[Problem]
Here is the task for the records below: repeat exactly the lines from the one with "8 fotografías del" to the one with "GUNDAM - HGUC", both included, and nothing else.
[[ Records provided open ]]
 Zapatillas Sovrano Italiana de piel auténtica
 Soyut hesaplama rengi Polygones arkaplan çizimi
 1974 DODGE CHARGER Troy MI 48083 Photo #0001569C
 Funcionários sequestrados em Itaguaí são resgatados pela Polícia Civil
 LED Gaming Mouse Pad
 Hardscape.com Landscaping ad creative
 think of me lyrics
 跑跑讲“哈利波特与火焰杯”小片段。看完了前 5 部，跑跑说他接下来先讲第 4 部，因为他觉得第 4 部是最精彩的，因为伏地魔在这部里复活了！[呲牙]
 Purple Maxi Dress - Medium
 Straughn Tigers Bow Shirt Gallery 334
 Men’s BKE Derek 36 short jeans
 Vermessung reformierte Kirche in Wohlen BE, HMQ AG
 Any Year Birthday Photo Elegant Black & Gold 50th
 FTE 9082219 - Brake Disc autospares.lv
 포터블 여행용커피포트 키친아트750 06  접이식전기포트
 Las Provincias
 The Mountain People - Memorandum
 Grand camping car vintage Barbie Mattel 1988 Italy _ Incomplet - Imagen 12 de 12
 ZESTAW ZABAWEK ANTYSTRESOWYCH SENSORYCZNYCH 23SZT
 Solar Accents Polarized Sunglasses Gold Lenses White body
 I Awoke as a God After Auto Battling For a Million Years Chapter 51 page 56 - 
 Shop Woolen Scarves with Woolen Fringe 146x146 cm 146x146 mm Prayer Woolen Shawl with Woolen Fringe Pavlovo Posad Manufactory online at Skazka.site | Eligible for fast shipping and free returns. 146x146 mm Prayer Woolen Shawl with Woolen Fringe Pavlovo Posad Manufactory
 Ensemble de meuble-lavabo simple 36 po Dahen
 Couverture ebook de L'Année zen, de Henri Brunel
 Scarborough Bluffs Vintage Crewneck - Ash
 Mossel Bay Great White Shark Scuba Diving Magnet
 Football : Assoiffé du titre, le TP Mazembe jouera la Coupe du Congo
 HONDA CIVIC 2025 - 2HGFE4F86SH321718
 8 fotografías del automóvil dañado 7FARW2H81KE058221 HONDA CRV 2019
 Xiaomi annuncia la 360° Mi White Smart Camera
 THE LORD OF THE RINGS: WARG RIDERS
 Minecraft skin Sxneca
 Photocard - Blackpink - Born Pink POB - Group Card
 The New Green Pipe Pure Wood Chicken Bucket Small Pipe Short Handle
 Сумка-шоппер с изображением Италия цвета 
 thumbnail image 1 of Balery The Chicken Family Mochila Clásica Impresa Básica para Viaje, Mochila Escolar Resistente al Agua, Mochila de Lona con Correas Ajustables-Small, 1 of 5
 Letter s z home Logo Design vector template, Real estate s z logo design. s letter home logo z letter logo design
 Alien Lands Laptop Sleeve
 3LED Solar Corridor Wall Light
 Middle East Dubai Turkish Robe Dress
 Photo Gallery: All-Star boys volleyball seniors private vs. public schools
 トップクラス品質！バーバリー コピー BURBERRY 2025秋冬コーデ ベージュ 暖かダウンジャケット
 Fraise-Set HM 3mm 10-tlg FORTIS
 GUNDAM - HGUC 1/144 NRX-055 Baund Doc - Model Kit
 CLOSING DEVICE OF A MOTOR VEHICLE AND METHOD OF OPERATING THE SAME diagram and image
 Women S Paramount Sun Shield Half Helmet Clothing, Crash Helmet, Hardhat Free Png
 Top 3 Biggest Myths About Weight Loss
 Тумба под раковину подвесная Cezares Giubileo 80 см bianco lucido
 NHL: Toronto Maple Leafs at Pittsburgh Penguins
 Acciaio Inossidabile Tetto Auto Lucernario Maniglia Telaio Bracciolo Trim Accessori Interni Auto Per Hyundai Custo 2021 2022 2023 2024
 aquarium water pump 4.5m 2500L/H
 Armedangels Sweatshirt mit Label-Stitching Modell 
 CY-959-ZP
[[ Records provided closed ]]
[Completed task]
 8 fotografías del automóvil dañado 7FARW2H81KE058221 HONDA CRV 2019
 Xiaomi annuncia la 360° Mi White Smart Camera
 THE LORD OF THE RINGS: WARG RIDERS
 Minecraft skin Sxneca
 Photocard - Blackpink - Born Pink POB - Group Card
 The New Green Pipe Pure Wood Chicken Bucket Small Pipe Short Handle
 Сумка-шоппер с изображением Италия цвета 
 thumbnail image 1 of Balery The Chicken Family Mochila Clásica Impresa Básica para Viaje, Mochila Escolar Resistente al Agua, Mochila de Lona con Correas Ajustables-Small, 1 of 5
 Letter s z home Logo Design vector template, Real estate s z logo design. s letter home logo z letter logo design
 Alien Lands Laptop Sleeve
 3LED Solar Corridor Wall Light
 Middle East Dubai Turkish Robe Dress
 Photo Gallery: All-Star boys volleyball seniors private vs. public schools
 トップクラス品質！バーバリー コピー BURBERRY 2025秋冬コーデ ベージュ 暖かダウンジャケット
 Fraise-Set HM 3mm 10-tlg FORTIS
 GUNDAM - HGUC 1/144 NRX-055 Baund Doc - Model Kit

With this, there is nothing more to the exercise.